Harveybegood
Harveybegood

Reputation: 53

C Program will not stop encountering EOF or -1

I am new beginner in C programming language.

Program will not stop from for or while loop if input is EOF or -1.

The program is like below:

#include <stdio.h>
int main() {
    double nc;
    for (nc = 0; getchar() != EOF; ++nc) {
        printf("%.0f\n", nc);
    }
}

From my understanding, if I input EOF or -1 in terminate then the for loop will be stopped, as -1 or EOF makes the condition being false.

One more question regarding the same example: if I will not use nesting loop code as followings:

for (nc = 0; getchar() != EOF; ++nc)
    ;
printf("%.0f", nc);

No any error or alert, but it seems function printf does not work as expected.

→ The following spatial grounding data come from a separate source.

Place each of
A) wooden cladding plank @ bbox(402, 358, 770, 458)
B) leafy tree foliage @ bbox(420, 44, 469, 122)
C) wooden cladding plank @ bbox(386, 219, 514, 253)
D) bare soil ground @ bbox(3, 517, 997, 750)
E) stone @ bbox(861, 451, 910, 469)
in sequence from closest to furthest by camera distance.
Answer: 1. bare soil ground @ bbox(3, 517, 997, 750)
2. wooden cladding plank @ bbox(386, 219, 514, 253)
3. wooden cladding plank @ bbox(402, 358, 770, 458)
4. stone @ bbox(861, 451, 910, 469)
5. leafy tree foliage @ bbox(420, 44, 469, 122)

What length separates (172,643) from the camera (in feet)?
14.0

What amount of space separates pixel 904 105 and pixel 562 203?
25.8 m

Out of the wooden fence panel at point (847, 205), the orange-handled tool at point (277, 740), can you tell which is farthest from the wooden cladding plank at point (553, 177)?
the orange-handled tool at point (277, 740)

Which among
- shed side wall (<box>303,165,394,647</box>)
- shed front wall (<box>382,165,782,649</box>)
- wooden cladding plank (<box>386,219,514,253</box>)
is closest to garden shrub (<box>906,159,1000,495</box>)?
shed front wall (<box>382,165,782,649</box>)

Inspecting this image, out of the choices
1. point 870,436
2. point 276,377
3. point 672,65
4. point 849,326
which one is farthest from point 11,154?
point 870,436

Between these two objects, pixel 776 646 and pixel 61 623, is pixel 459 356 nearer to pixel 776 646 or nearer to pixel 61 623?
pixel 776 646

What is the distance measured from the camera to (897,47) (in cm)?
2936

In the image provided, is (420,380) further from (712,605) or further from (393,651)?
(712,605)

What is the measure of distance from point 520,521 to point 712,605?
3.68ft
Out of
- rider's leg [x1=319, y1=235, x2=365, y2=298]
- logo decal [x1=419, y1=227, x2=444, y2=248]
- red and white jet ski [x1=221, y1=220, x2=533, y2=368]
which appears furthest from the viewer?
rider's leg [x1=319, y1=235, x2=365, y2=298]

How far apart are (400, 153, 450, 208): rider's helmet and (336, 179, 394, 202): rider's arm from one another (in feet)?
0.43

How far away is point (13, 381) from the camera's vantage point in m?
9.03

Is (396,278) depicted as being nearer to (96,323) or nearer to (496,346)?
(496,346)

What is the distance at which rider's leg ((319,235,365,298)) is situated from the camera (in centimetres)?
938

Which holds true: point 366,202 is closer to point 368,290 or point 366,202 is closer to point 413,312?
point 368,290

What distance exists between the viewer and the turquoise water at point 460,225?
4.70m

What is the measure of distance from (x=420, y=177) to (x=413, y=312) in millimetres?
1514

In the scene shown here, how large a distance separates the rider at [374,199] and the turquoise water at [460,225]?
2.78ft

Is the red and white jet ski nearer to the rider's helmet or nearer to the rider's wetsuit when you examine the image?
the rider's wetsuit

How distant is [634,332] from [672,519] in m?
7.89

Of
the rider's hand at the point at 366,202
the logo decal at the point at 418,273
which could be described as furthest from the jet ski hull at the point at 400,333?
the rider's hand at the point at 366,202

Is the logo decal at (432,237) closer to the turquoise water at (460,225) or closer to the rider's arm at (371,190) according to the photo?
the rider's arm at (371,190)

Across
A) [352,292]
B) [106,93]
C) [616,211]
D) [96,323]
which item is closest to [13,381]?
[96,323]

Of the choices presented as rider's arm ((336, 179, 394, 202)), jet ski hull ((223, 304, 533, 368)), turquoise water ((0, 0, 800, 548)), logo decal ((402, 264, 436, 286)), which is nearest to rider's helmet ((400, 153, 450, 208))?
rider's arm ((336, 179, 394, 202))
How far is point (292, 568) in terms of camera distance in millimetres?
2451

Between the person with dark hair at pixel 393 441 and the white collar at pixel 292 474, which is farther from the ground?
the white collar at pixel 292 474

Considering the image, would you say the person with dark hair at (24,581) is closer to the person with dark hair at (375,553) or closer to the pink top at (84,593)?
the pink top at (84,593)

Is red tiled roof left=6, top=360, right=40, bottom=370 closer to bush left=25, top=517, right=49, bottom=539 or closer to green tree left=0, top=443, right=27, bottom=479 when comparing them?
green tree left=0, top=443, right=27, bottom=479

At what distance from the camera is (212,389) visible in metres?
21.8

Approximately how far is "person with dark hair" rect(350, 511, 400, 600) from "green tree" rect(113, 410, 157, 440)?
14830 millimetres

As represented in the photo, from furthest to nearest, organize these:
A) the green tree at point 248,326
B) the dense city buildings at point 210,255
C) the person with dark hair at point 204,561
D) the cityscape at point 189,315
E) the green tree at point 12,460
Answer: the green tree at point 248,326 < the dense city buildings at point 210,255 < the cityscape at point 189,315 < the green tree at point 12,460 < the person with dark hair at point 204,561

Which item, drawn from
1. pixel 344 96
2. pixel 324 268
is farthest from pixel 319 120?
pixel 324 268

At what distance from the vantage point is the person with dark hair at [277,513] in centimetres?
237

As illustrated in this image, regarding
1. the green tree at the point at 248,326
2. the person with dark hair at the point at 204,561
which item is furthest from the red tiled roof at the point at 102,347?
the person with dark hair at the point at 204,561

It just output what I input.

Upvotes: 3

Views: 980

Answers (3)

chqrlie
chqrlie

Reputation: 144645

Your program will stop at end of file, which is what EOF signifies.

To enter an end of file from the terminal, type Ctrl-D on unix or Mac/OS and Ctrl-ZEnter on Windows systems.

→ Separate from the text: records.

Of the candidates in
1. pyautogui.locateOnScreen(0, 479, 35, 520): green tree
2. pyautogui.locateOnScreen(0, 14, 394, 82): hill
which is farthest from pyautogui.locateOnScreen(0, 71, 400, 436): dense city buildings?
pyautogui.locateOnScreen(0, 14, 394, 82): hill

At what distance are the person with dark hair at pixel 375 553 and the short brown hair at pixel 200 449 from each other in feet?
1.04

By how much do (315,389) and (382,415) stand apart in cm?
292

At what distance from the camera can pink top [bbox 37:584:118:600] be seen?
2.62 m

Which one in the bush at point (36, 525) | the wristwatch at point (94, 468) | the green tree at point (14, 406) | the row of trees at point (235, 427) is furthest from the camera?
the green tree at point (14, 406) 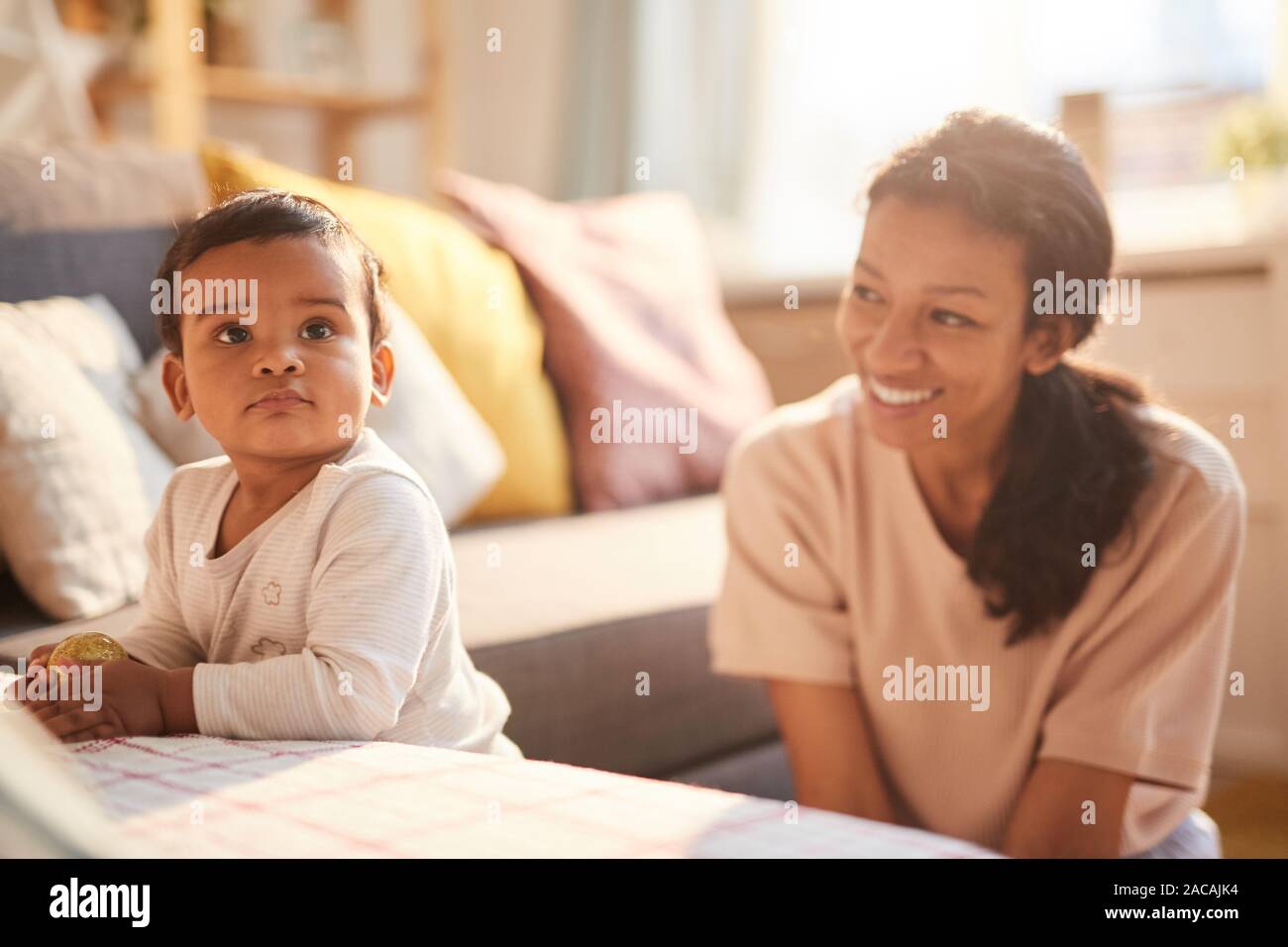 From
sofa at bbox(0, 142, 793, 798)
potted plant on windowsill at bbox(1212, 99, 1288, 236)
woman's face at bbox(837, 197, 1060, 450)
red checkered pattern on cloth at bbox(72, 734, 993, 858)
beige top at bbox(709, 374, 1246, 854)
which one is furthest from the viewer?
potted plant on windowsill at bbox(1212, 99, 1288, 236)

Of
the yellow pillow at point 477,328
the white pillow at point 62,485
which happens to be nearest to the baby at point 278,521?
the white pillow at point 62,485

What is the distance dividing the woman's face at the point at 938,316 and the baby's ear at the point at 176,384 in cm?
39

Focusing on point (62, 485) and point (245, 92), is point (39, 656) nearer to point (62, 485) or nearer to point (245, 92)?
point (62, 485)

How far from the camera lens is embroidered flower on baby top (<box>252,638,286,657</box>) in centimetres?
44

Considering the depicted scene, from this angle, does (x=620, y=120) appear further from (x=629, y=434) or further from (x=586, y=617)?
(x=586, y=617)

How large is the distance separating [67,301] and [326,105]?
2134 mm

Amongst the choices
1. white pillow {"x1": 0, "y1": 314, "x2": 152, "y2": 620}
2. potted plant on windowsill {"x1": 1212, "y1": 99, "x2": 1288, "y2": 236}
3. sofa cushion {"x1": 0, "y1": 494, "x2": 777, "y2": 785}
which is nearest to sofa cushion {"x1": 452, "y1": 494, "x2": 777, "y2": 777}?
sofa cushion {"x1": 0, "y1": 494, "x2": 777, "y2": 785}

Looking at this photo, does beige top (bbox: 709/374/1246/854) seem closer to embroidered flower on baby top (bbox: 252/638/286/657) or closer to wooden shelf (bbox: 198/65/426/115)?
embroidered flower on baby top (bbox: 252/638/286/657)

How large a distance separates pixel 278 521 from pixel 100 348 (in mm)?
303

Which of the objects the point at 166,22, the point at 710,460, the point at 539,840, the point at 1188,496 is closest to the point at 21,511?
the point at 539,840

Ctrl-D is obtained by pressing Ctrl and then D while the Ctrl key is held down.

Note that a double variable is not appropriate for a simple counter, you should favor the int type for this.

Note also that input is not received one character at a time by the program: it may be buffered on a line basis when reading from the terminal and on a block basis when reading from a file. A posted, your program will read a line of input from the terminal and as multiples lines of output at once, one for each character typed, including the newline.

Upvotes: 4

Aconcagua
Aconcagua

Reputation: 25518

You misunderstood...

If you enter EOF or -1 in console, you will get these as strings: "EOF", "-1". If you read them character by character, you will get the sequences 'E', 'O', 'F' and '-', '1' (numerical values, ASCII/UTF-8 provided: 69, 79, 70 and 45, 49 respectively), but never the numerical value of EOF(-1).

How to actually enter EOF: see chqrlie's answer, who has been faster than me...

Upvotes: 0

Attie
Attie

Reputation: 6969

EOF is not something that you can input, rather a state the the file descriptor can be in.

To achieve this state on the console you must press Ctrl+D if you're running a unix-like system.


Alternatively if you were to run your application by feeding in a file, you'd see that your application will stop once it has read to the end of the file.

./my_app < some_file.txt

Additionally, I would advise you to use an integer type to count loop iterations, for example int, or size_t. Floating point types are not well suited to this.